Short descriptive text snippets:
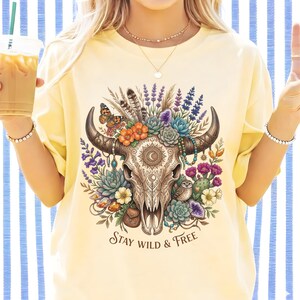 May include: A light yellow t-shirt featuring a detailed illustration of a cow skull adorned with flowers, feathers, and a butterfly. The design includes the text "Stay Wild & Free" in a decorative font. The shirt is a relaxed fit.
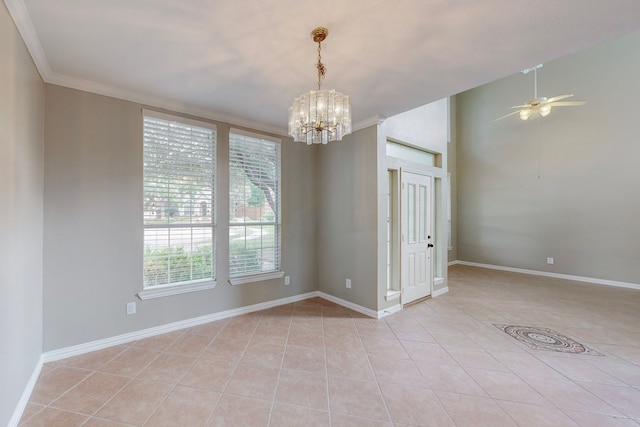 tiled spare room featuring ceiling fan with notable chandelier and crown molding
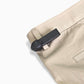 Mitag MiTag Clip Tag attached to a jeans belt loop, securing apparel without damaging fabric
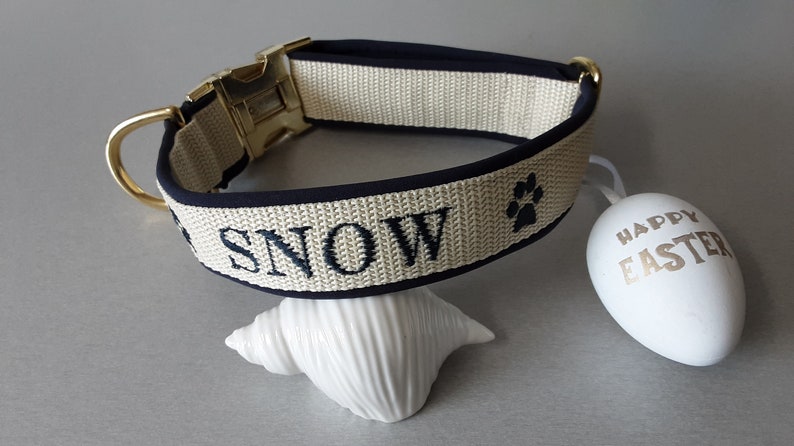 May include: A beige dog collar with a black trim and gold buckle. The collar is embroidered with the name "SNOW" and a paw print.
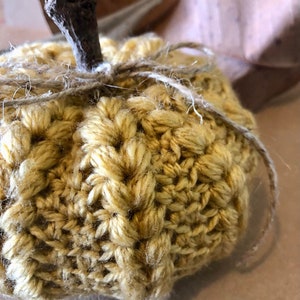 May include: A crocheted pumpkin in a yellow color with a brown twig stem and twine tied around the top.
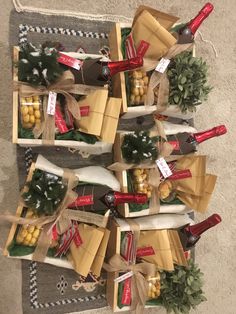 several wine bottles and cheese wrapped in burlap with pine cones on the side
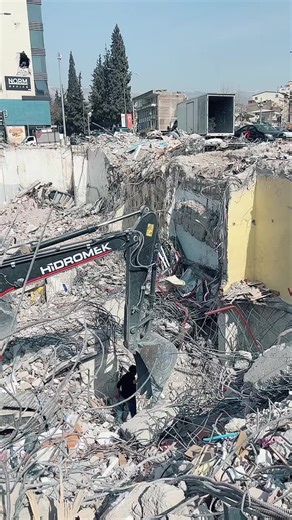 Heavy Machinery Demolishing Building on Construction Site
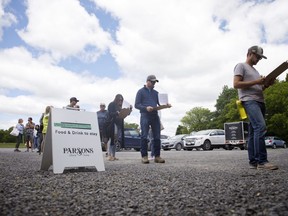 People socially distance in line at a microbrewery in Picton, Ontario, Canada, on Saturday, June 13, 2020.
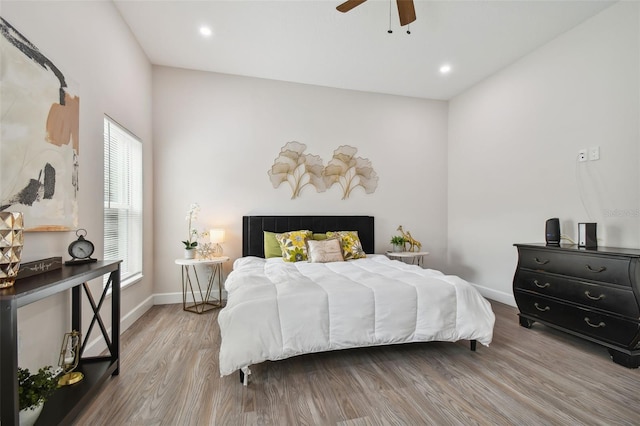 bedroom featuring recessed lighting, ceiling fan, baseboards, and wood finished floors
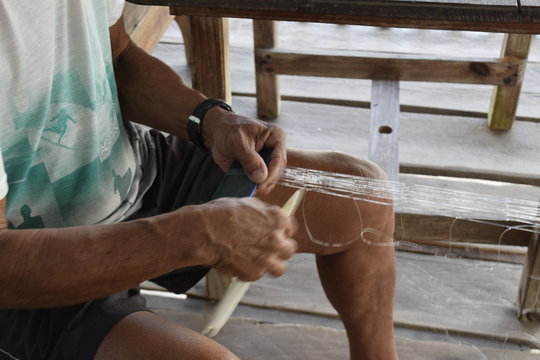 fisherman making his net, Boipeba Island, Cairu, Bahia, Brazil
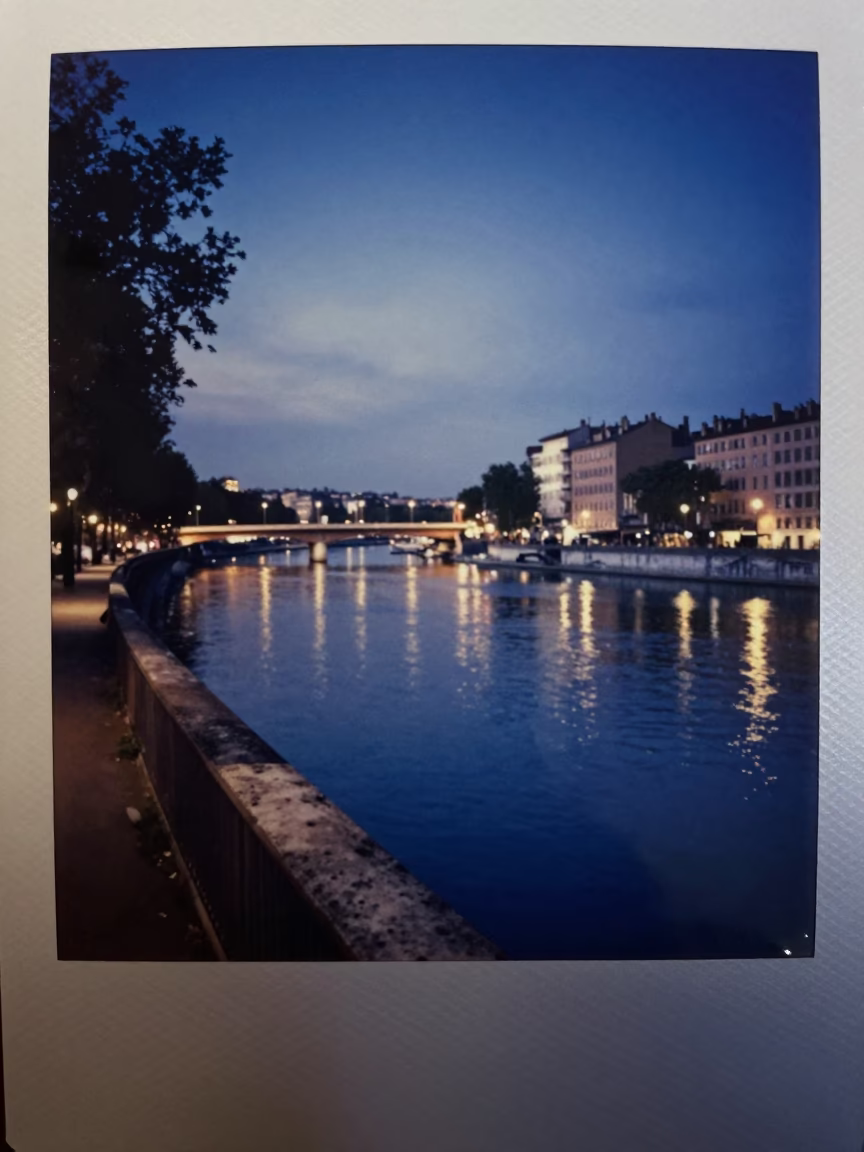 Dawn light on Lyon riverbank with overpass taillights and wet asphalt in in Lyon, France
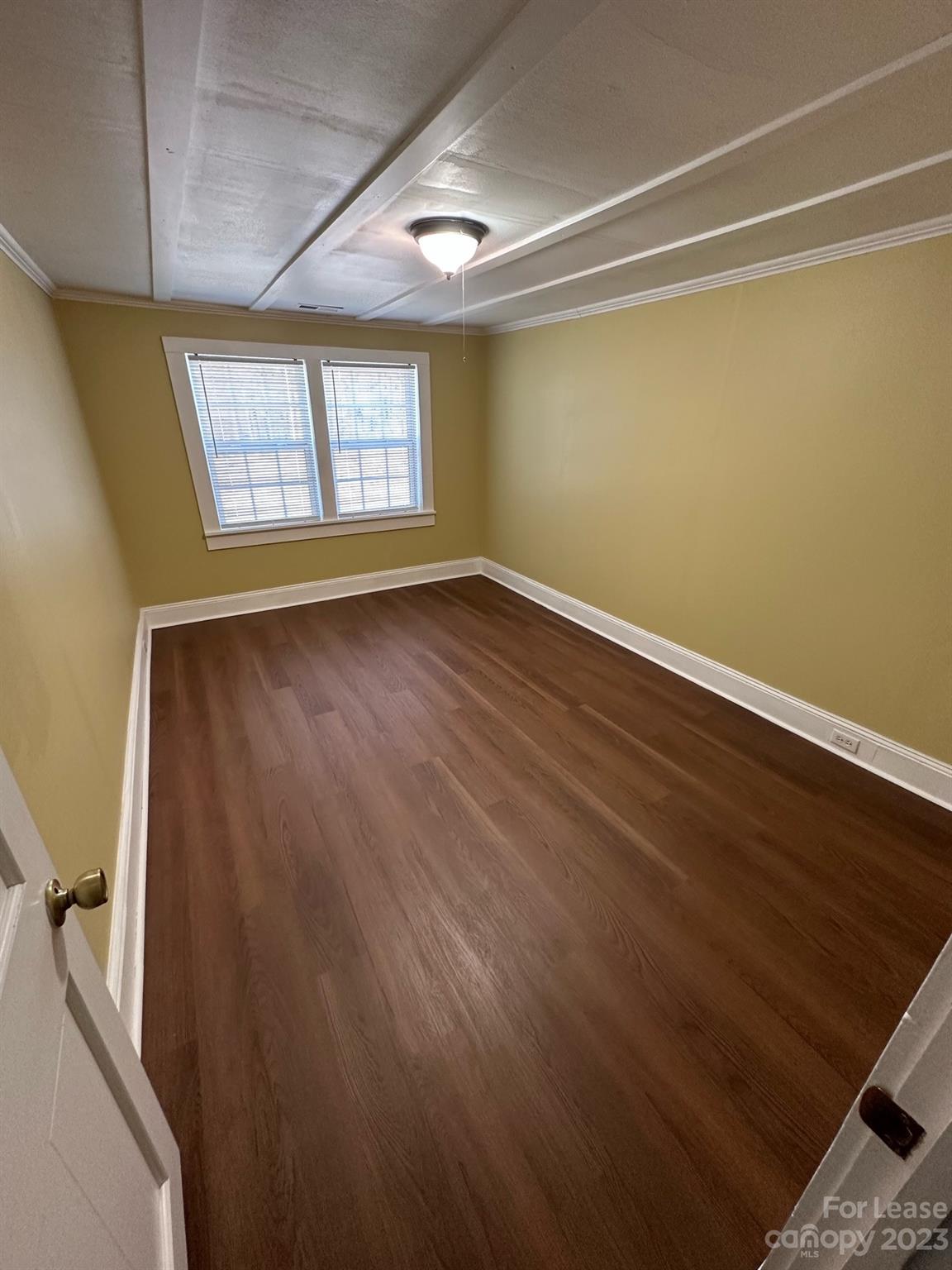 5650 Old Monroe Circle Concord, NC 28025 - Photo 6 of 11 an empty room with wooden floor and windows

TO DO> Every line from the one containing "May include: A beige" through the last line of the records is to be reproduced exactly, with pictures left out and nothing else given.

SOLUTION TO THIS EXERCISE>
 May include: A beige dog collar with a black trim and gold buckle. The collar is embroidered with the name "SNOW" and a paw print.
 May include: A crocheted pumpkin in a yellow color with a brown twig stem and twine tied around the top.
 several wine bottles and cheese wrapped in burlap with pine cones on the side
 Heavy Machinery Demolishing Building on Construction Site
 People socially distance in line at a microbrewery in Picton, Ontario, Canada, on Saturday, June 13, 2020.
 bedroom featuring recessed lighting, ceiling fan, baseboards, and wood finished floors
 fisherman making his net, Boipeba Island, Cairu, Bahia, Brazil
 Dawn light on Lyon riverbank with overpass taillights and wet asphalt in in Lyon, France
 5650 Old Monroe Circle Concord, NC 28025 - Photo 6 of 11 an empty room with wooden floor and windows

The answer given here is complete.